L’euro-croissance va-t-il « tuer » l’assurance vie ?

15 nov. 2018
PAR NICOLAS PEYCRU

On en est loin pour le moment. Les contrats euro-croissance ont du chemin à faire avant de pouvoir espérer voler la vedette aux contrats d’assurances vie « classiques ». En 2015, ils ont récolté 773 millions d’euros. Un chiffre qui peut paraître conséquent au premier abord, mais peu impressionnant au regard des 24,6 milliards d’euros collectés l’an passé par les fonds euros et les unités de compte de l’assurance vie.

Reste que la CLCV met en garde les épargnants. L’association de défense des consommateurs s’insurge contre une nouvelle mesure entérinée par un décret paru le 14 juillet 2016 au Journal Officiel. Ce texte autorise « jusqu’à fin 2018 chaque organisme d’assurance à procéder au transfert d’une quote-part des plus-values latentes des fonds « euros » vers les fonds « euro-croissance ». L’objectif consiste à stimuler l’euro-croissance, qui ne connaît pas le succès escompté jusqu’à présent. Mais aussi, dans un contexte de taux bas qui rend les fonds euros des assurances vie moins rentables pour les assureurs, à permettre de façon temporaire, pendant quelques années, une migration des plus-values vers des contrats potentiellement plus rémunérateurs.

Cette possibilité de transfert d’argent n’est pas du goût de la CLCV. « Consultée par les pouvoirs publics sur ce projet, notre association a exprimé son opposition à cette mesure », peut-on lire dans un article publié le 25 juillet sur le site de l’association. L’argument mis en avant ? Ce dispositif remettrait en cause la sanctuarisation des plus plus-values. Les supports en euros des assurances vie garantissent effectivement le capital investi, mais aussi les plus-values obtenues chaque année qui sont définitivement acquises grâce à l’effet cliquet.

La CLCV invite les épargnants à « la plus grande prudence » sur cette nouvelle possibilité de transfert de fonds. « Nous avons aussi écrit aux associations d’épargnants pour souhaiter qu’elles ne remettent pas en cause le « cantonnement » de leurs contrats en euros, dispositif qui permettait de sanctuariser les plus-values sur ces contrats et donc de les garantir aux épargnant qui les avaient souscrits », signale l’association.

La CLCV se méfie en outre des conséquences plus générales que pourraient avoir ce nouveau dispositif sur des placements financiers comme l’assurance vie. « Le transfert de plus-values ainsi autorisé introduit un précédent quant à l’affectation de plus-values attendues sur un type de contrat donné et qui seront assez arbitrairement transférées sur un autre type de contrat ».

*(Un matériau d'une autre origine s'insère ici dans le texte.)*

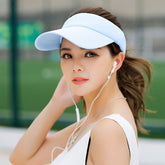 Sun Hat Visor Caps - Swefashionstore
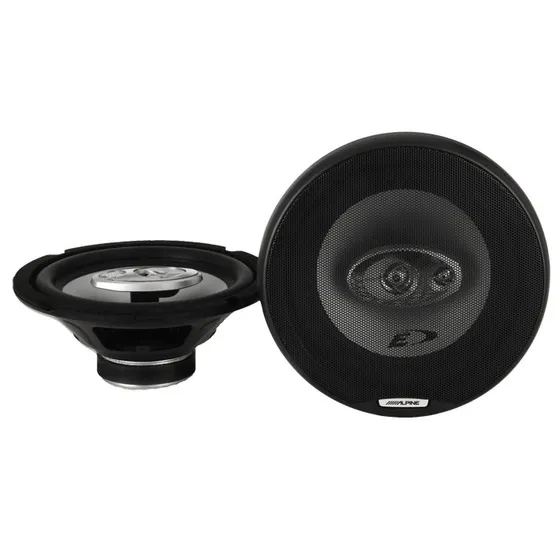 Alpine SXE-2035S 8" Coaxial 2-vejs højttalersæt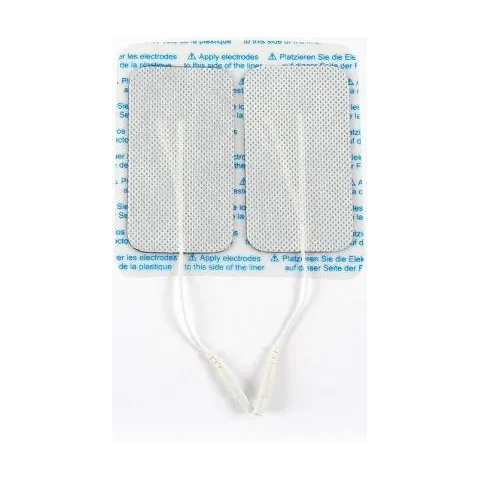 ELECTRODE ADHESIVE 5 X 5 CM - 4 PCS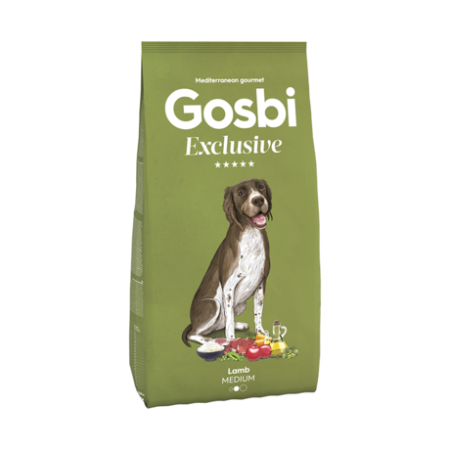 GOSBI EXCLUSIVE ADULT LAMB 12kg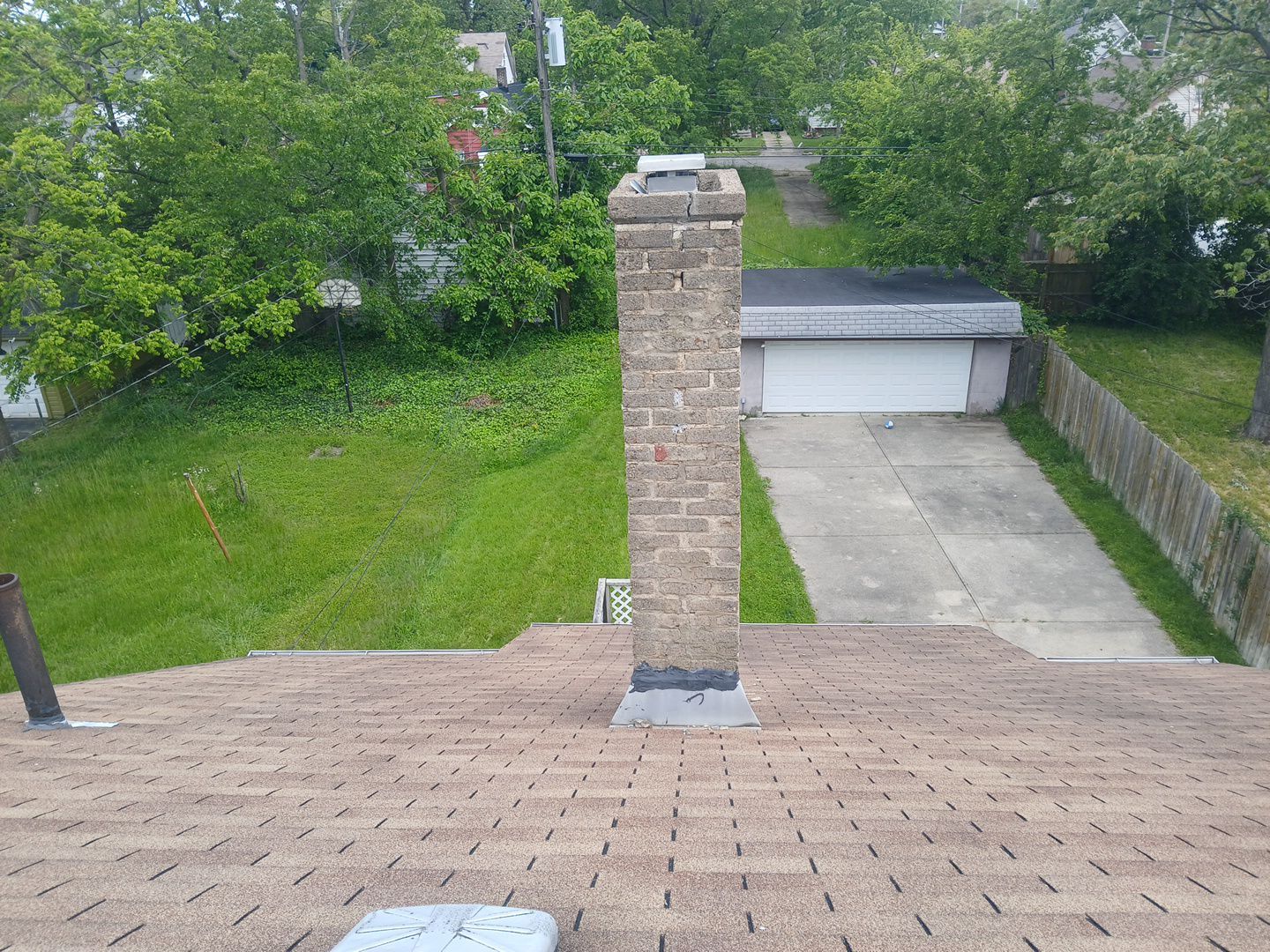 Roof and Soffit Replacement by Homestyle in Cleveland by Homestyle Home Improvements (HHI)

Le souci que pointe finalement l’association réside dans le fonctionnement même de l’euro-croissance. Si le fonds euros de l’assurance vie est sécurisé et garantit les sommes placées dessus, il n’en va pas de même pour ce nouveau type de contrat. Instaurés par la loi de finances 2014, les fonds euro-croissance intègrent dans leur composition une part d’actions, l’objectif étant de mieux participer au financement des entreprises, notamment des PME. Ces supports se veulent diversifiés afin d’obtenir de meilleurs rendements que les fonds euros essentiellement investies en obligations, comme des emprunts d’Etat, et dont la rémunération s’érode un peu plus au fil des ans.

Mais, point faible de cette diversification, les actions représentent un support risqué. Et les contrats euro-croissance n’offrent une garantie en capital qu’à l’issue d’une période d’au moins huit ans après leur souscription. C’est pourquoi François Carlier, délégué général de la CLCV, a estimé le 22 juillet au micro de RTL que les Français « un peu joueurs », souhaitant « une épargne dynamique », peuvent se tourner vers l’euro-croissance. Ceux envisageant leur assurance vie comme un moyen sécurisé pour financer leur retraite doivent de leur côté rester prudents, selon lui. Si cet appel à la prudence de la CLCV est entendu par les épargnants, l’assurance vie a de longs jours devant elle avant d’être supplantée par l’euro-croissance.